As a child, Alan Rickman attended Derwentwater Primary School in Acton, a school that followed the Montessori method of education. Rickman had a big advantage at the very beginning in going to a Montessori school, because visitors came from all over the world to monitor its progress, and the children would always be presenting themselves in front of an audience. Wendy Dixon, Headmistress of Derwentwater said, “You can always recognize a Montessori-educated adult: they have inquiring minds and a sense of wonder. They’re not just chalked and talked like the rest.”
At 18, Devi Sridhar (a former Montessorian) spoke five languages, played both tennis and the violin expertly, and co-wrote a book on Indian mythology. In 2002 she became the youngest Rhodes Scholar in the program’s 100-year history. Interested in health as a young person, she now directs CEG’s global health governance project.
As a child, Mark Zuckerberg was educated at a Montessori school. These days, Zuckerberg is one of the big-name investors in AltSchool, a whole child learning experience for the next generation. It has been referred to as a type of "Montessori 2.0.” AltSchool borrows certain philosophical influences from Montessori Schools, focusing on project-based learning and relatively unstructured blocks of time in which kids can work on their own lessons with guidance from teachers or collaborate with other students.

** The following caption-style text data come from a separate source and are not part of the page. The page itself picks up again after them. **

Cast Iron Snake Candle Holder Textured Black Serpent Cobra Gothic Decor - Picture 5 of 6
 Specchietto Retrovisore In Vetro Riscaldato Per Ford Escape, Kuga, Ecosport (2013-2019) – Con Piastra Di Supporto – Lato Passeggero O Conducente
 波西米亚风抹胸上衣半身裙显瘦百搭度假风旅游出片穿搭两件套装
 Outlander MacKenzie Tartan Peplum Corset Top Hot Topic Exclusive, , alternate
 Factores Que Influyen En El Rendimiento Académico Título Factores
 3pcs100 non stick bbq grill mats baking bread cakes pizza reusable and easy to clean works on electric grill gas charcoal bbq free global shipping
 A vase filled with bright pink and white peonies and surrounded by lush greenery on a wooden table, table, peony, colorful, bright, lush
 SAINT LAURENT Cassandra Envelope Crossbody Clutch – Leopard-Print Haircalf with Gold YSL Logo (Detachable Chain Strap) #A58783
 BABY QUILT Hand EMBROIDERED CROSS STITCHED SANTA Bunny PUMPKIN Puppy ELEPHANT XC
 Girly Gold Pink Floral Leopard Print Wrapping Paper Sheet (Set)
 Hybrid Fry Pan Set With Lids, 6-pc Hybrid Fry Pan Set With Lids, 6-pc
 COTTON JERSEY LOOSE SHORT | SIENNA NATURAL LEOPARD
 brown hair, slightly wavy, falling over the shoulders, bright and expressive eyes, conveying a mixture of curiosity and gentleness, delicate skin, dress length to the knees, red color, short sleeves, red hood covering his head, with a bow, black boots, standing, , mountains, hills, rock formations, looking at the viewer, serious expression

A special Montessori connection...
MAHATMA GANDHI - Spiritual Leader
Gandhi’s practice of satyagraha had distinct influence on the development of Dr. Maria Montessori’s perspective on peace education and fostered the start of many Montessori schools for the lower caste systems in India. Gandhi was very interested in the Montessori system of education and he personally taught the children in his Ashrams using a technique similar to the one Dr. Montessori developed. Montessori met Mahatma Gandhi in London in October 1931. On October 28, 1931, at Maria Montessori’s invitation, Gandhi spoke at the Montessori Training College in London. During Montessori’s stay in India (1939 – 1946), she and Gandhi communicated with one another. One of the letters Montessori wrote to Gandhi is on display at his Ashram in Sevagram. Montessori and Gandhi both strongly believed that to have real peace, we must begin with the children.